__RECORDS SUPPLIED__:
* * * * * * * * *
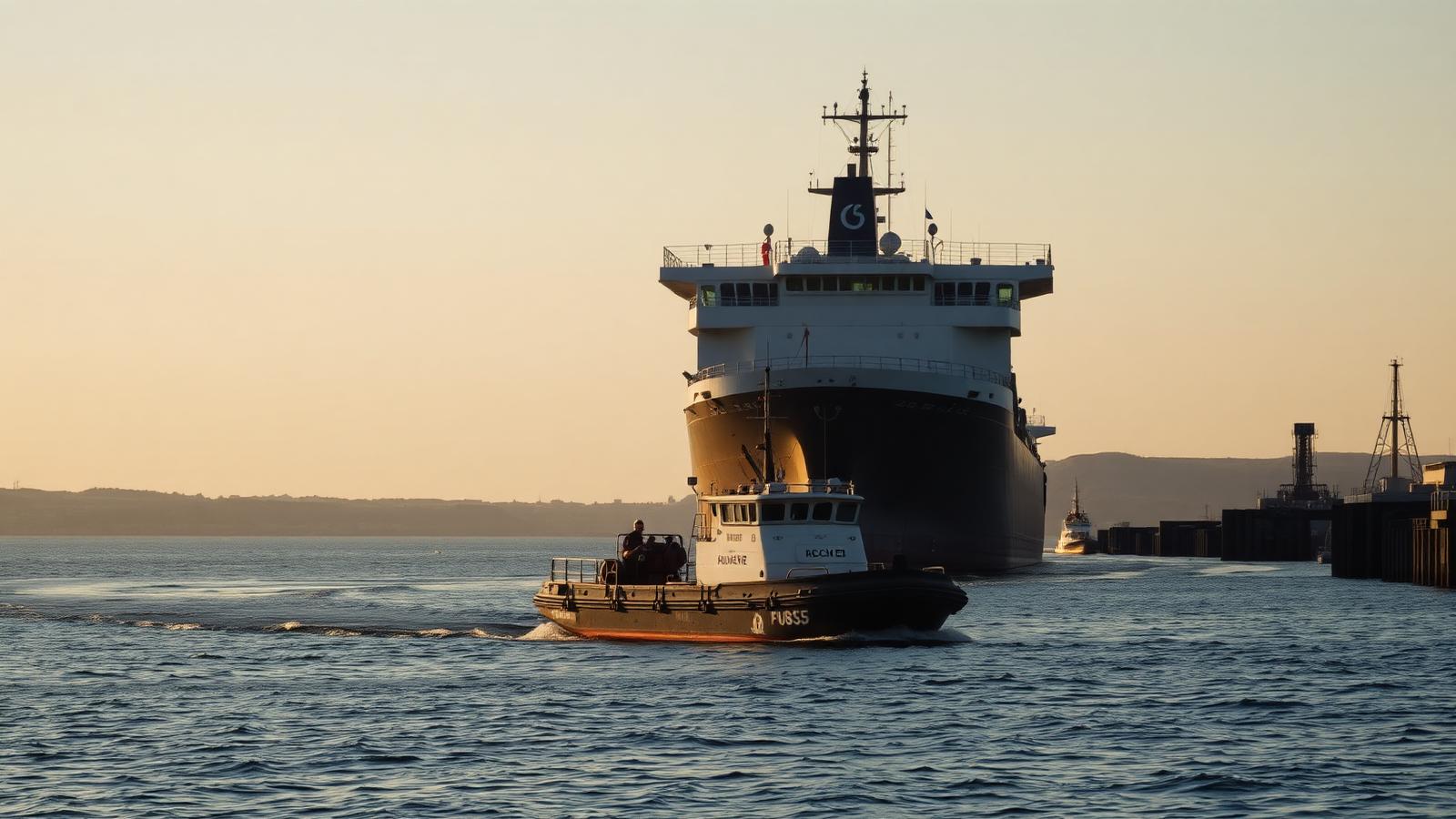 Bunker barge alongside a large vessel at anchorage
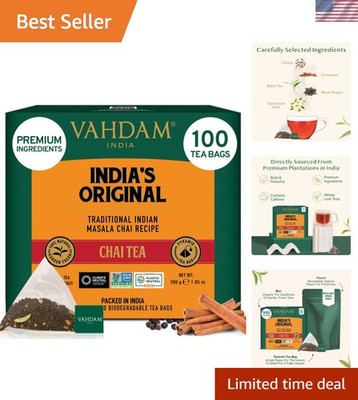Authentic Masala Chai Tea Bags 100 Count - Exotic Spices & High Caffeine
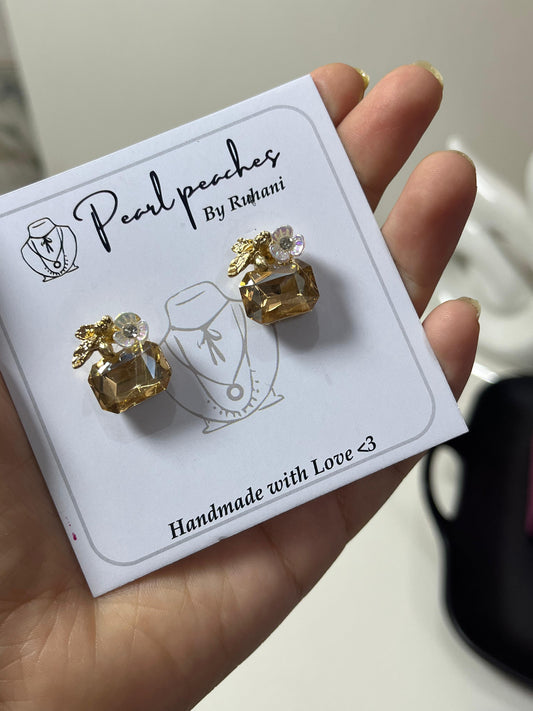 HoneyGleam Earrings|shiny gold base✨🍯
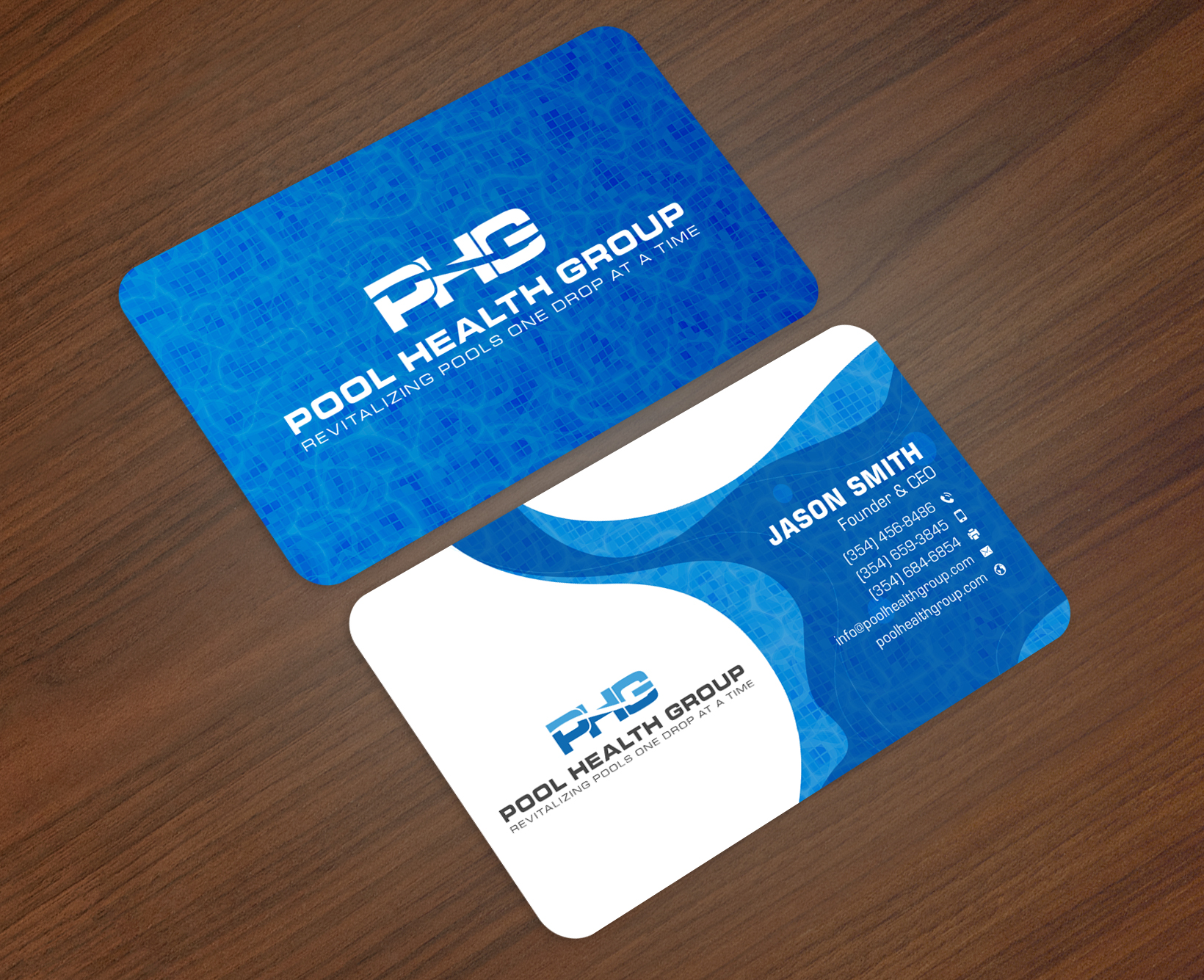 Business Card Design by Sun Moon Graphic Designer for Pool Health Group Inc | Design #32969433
* * * * * * * * *
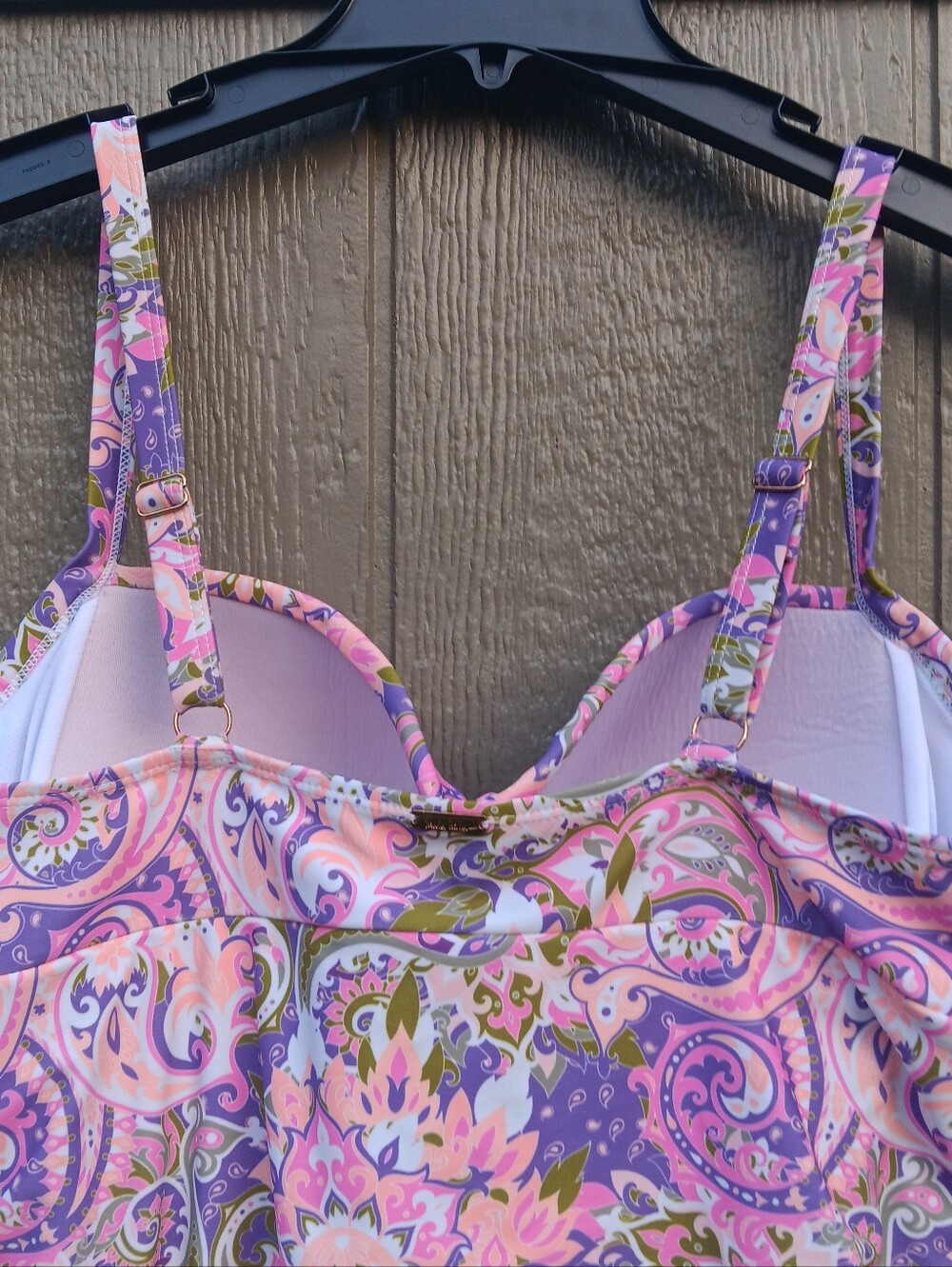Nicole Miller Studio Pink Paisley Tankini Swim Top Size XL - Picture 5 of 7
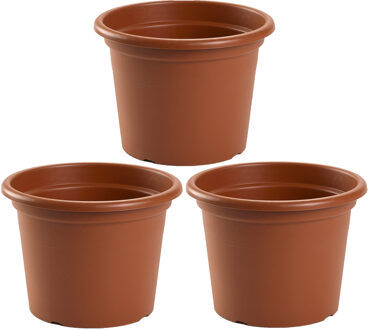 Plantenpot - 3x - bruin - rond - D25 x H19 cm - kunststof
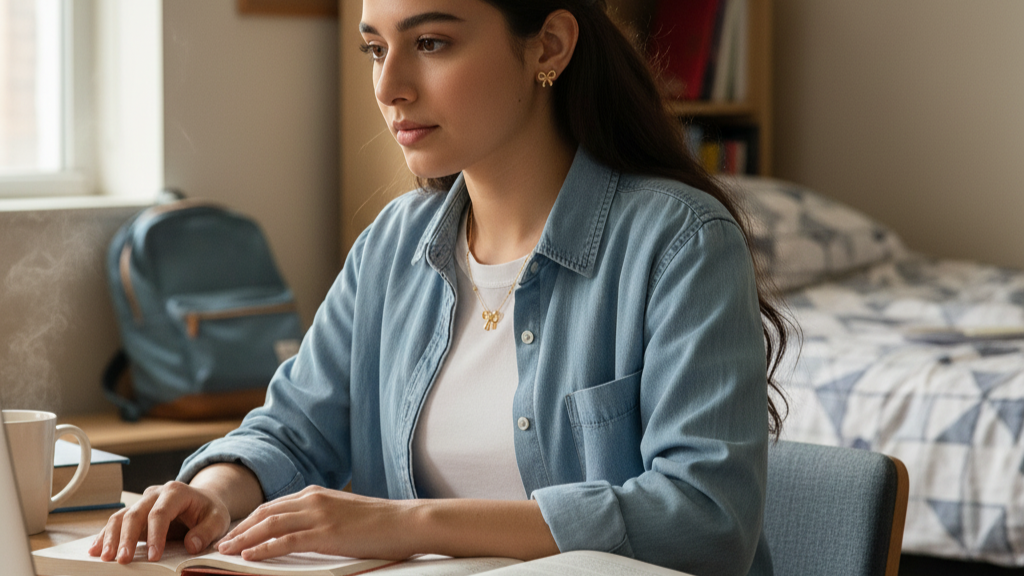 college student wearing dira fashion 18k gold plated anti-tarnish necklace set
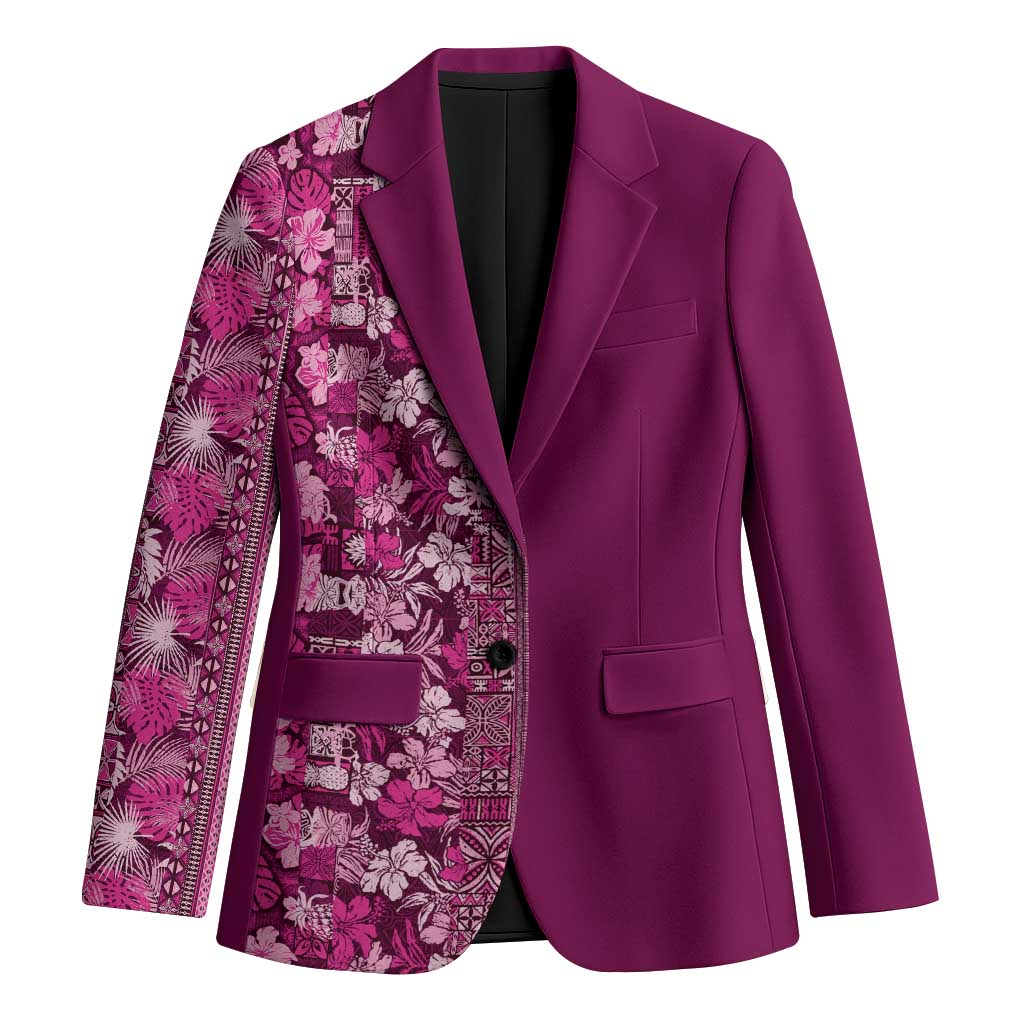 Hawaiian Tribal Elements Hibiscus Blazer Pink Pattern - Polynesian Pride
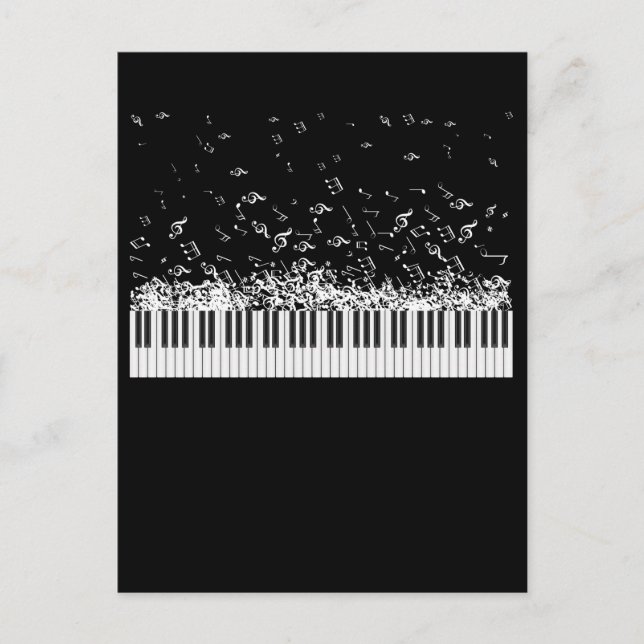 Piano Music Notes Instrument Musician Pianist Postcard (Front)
* * * * * * * * *
__WHAT THE TASK ASKS__: Using the data above, print only the lines starting at the one with "Authentic Masala Chai" and ending at the one with "Business Card Design", exactly as they stand, minus the pictures.

__THE COMPLETED TASK__:
Authentic Masala Chai Tea Bags 100 Count - Exotic Spices & High Caffeine
 HoneyGleam Earrings|shiny gold base✨🍯
 Business Card Design by Sun Moon Graphic Designer for Pool Health Group Inc | Design #32969433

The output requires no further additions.